The difference will be more evident if we took apart those 2 frames. The “A” frame will be a URT (the BB is part of the rear suspension arm & the “B” frame will not be, as the BB will “stay” on the main frame.

Here are the questions.

1) Given the fact that those 2 frames are equipped with the identical parts (suspension fork, parts, brakes…) will they ride differently?

2) If we cover the pivot, will anyone be able to recognize which witch is which, by just ridding the damn things?

3) So, given the fact that a URT may ride exactly the same as a non URT, just because both frames suspension arms are pivoting on the same axle, cannot we claim that if we are able to rotate an other URT design concentrically to the BB, it will ride as a non URT?
Or more correctly,
With this principle, won’t we be able to get rid of the stiffening of the rear suspension while descending, as soon as we stand on our pedals?

This is what the RAM bike does. The rear arm is suspended over a virtual point that is also the BB. So when the rider stands on the pedals the rear end does NOT stiffen!

This has nothing to do with the preferred suspension travel. In this apparatus, the wheelbase gets shorter as soon as the rear wheel axle crosses the BB height. At first and as long as the rear axle has not passed the BB, the wheelbase will increase. Then as the suspension arm travels through to the limits of it’s travel, the wheelbase will shorten.

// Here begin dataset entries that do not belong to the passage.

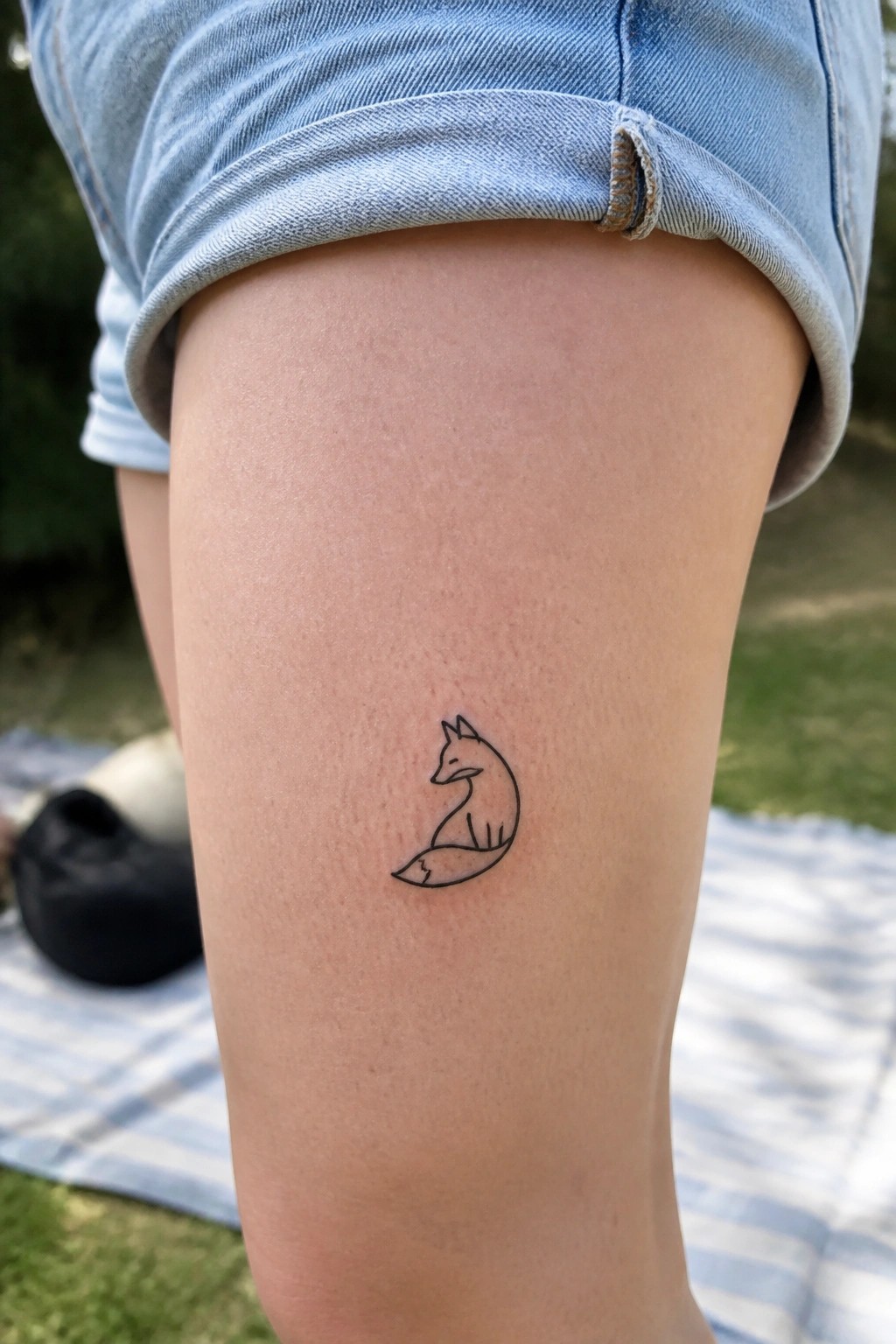 Small black line-art fox tattoo on thigh under light blue cuffed denim shorts.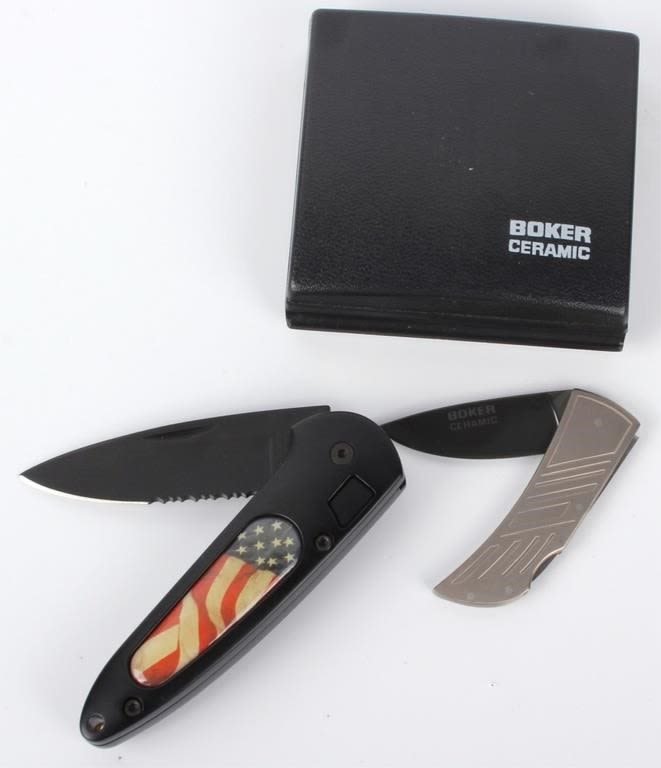 Lot 128158: BOKER CERAMIC TOP LOCK AND GENTS KNIVES - LOT OF 2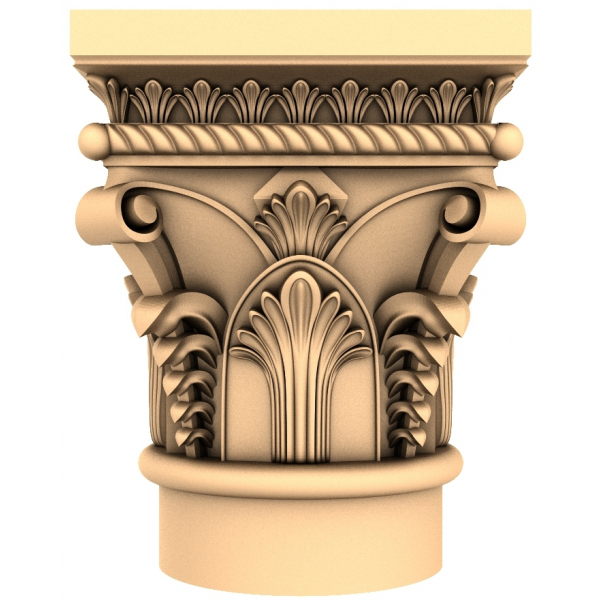 Modelo STL Majestic Corinthian Capital para CNC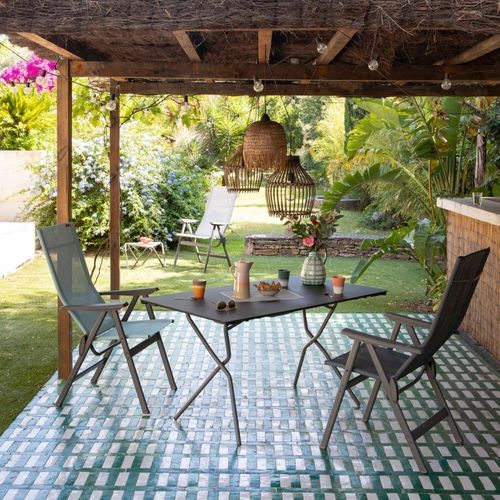 Fauteuil Pliant Dossier Haut En Acier Gris L64xl62xh117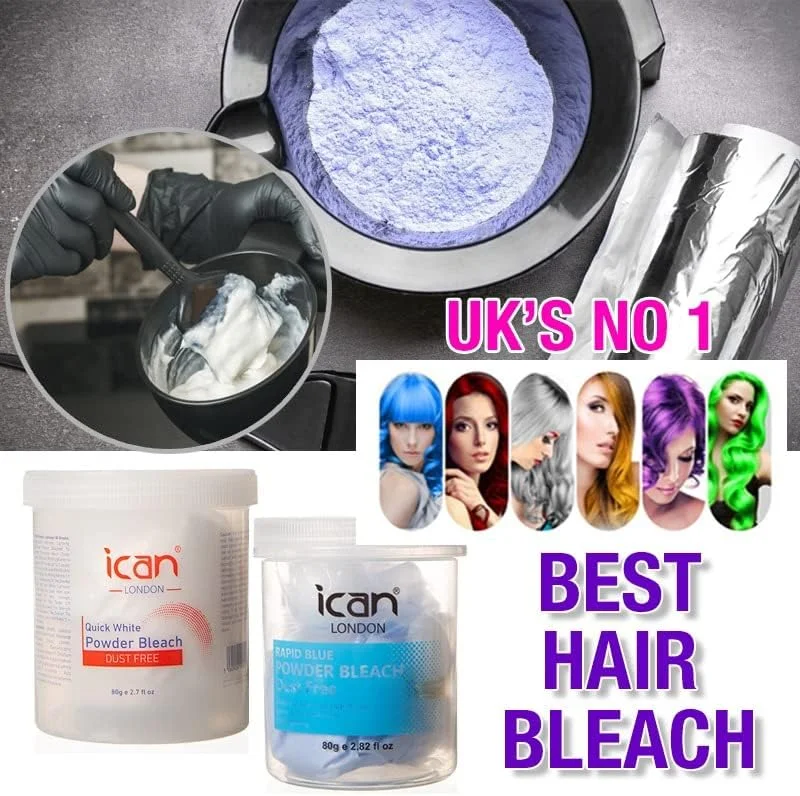 پودر دکلره آبی سریع iCan London با فرمول حرفه ای سالنی، 80 گرم پودر دکلره آبی سریع iCan London با فرمول حرفه ای سالنی، 80 گرم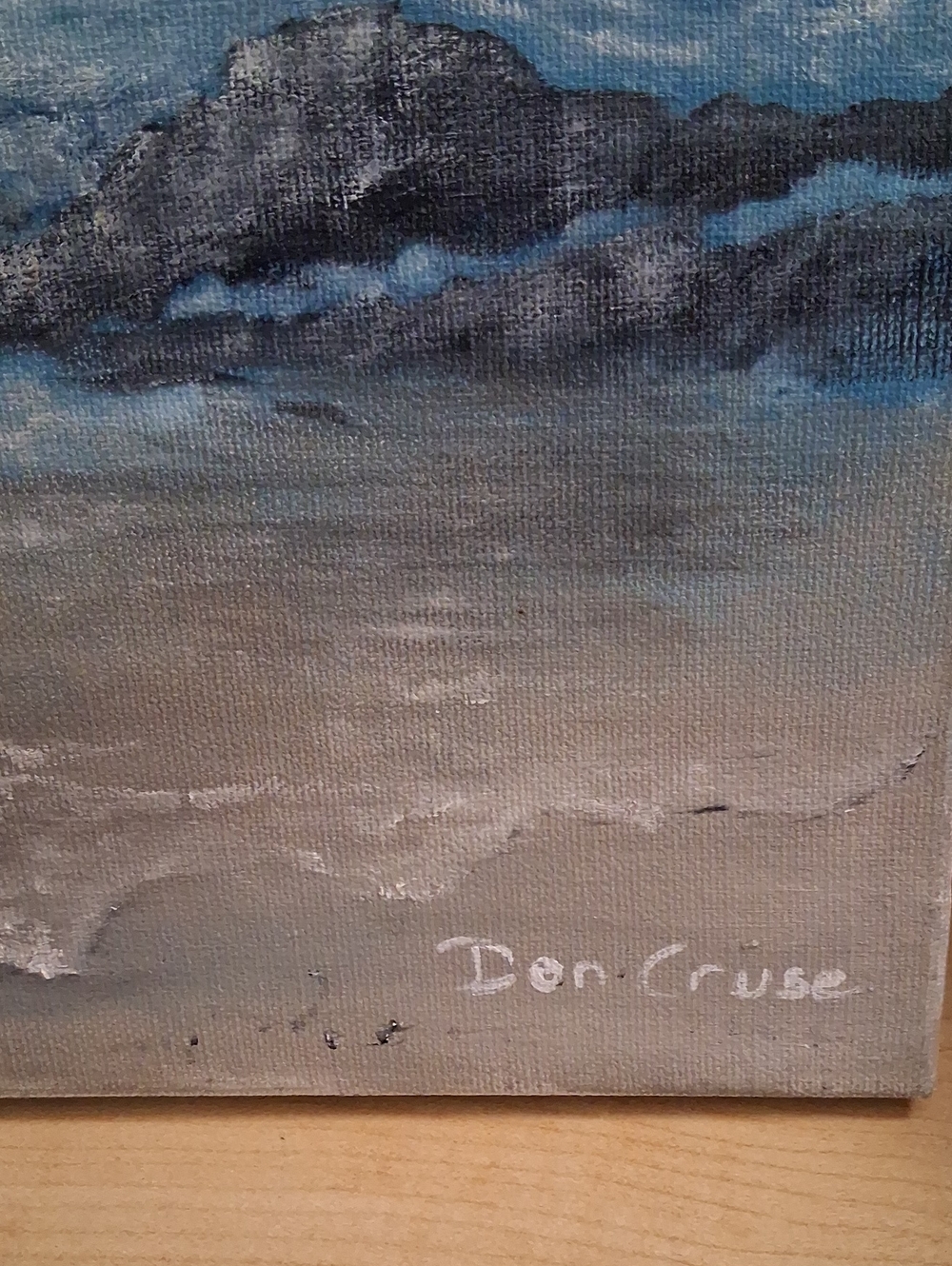 Seaside Waves Canvas Art - Blue Coastal Painting - Picture 4 of 6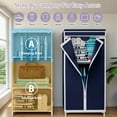 thumbnail image 2 of ALSO GO Portable Closet Organizers and Storage with Hanging & Folding Sections, Closet Wardrobe with T-Zipper Design & Full-Cover Dustproof for Room Bedroom Apartment,Navy Blue, 2 of 11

For my (a personal preference) this is the only negative with Mr. Sheppard’s design. Everything else is brilliantly made! For once more congrats Richard!
  • 4 0
 Those pictures made me want to clean my room again.
  • 3 0
 Imagine your junk getting caught on that AWD mtb with long ass chain. Yikes!
  • 1 0
 Not to mention the black chain grease tattoos you will have for the rest of your life!
  • 1 0
 So did those special hubs on the adjustable tire air pressure system have an internal air chamber? Must have to in order to interrupt the pressure line from fixed to rotating?
  • 3 0
 I saw lots of weird products there, did I miss the wonderful ones?
  • 3 0
 NONE of that was wonderful!
  • 2 0
 Dr Ian Malcolm has some sage words on this: www.youtube.com/watch?v=g3j9muCo4o0
  • 3 0
 55psi huh?
  • 4 0
 Right?
The “low” pressure setting is higher than I run on any of my bikes...
  • 8 0
 55 pounds in my Minions, don't care about your opinions.
  • 1 0
 2WD EMB w a wireless connection. Weight doesn't matter cuz you're cheating anyway.
  • 2 0
 None of these look even remotely like a session, at all.
  • 2 0
 First bike looks like something from a Dr. Seuss book.
  • 1 0
 Such cool ideas! Very interesting article. Crazy but interesting lol.
  • 1 0
 rad...Heim made two of those things on the list!!
  • 1 0
 im sure i wouldn't get pants dirty on the 2 wheeldrive/17 chains bike!!
  • 1 0
 I like the idea of charging e bikes with pedal power.
  • 1 0
 A whole lot of solutions in search of a problem.
  • 1 1
 Mr Ophidian is going to need a lot of lube
  • 1 0
 Those long stroke shocks take quite a beating.